Czyli wniosek taki, mogłoby być ostrzej z tym szkłem (chociaż mam tą starszą wersję nie VC), ale pucha też szału nie robi.
A tak przy okazji, ma ktoś pomysł czy różnice wynikają ze złego poskładania i wyregulowania, czy może jakości materiału soczewek?
Odp: Jak sprawdzić czy trafił się rzeczywiście ostry egzemplarz obiektywu?
Tak to wygląda (po lewej 450D z Tamronem 17-50, po prawej 60D z EF 28/1.8, oba na f/2.8 .
Względna skala jest zachowana, tzn. wielkości liter i pikseli mają się do siebie tak jak w rzeczywistości na matrycy. (okazuje się, że literki na moim zdjęciu są troche mniejsze a nie większe).
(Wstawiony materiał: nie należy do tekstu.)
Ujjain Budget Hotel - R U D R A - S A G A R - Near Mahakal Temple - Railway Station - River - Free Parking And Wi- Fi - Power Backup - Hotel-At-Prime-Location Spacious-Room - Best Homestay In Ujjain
Nie ma cudów, nie można lepiej odwzorować linii o grubości 2-3 pikseli. Nie da się tu zobaczyć więcej szczegółów bez względu na obiektyw.
Widać, że zdjęcie z 60D jest bardziej wyostrzone przez puszkę. Oczywiście, kontrast w takim obrazku czarno białym łatwo można poprawić w obróbce, tak, że na oko, mogłyby wyglądać podobnie.
A swoją drogą, zdjęcie z ręki i z pamięci, ale kąt trafiłem idealnie :mrgreen:
Odp: Jak sprawdzić czy trafił się rzeczywiście ostry egzemplarz obiektywu?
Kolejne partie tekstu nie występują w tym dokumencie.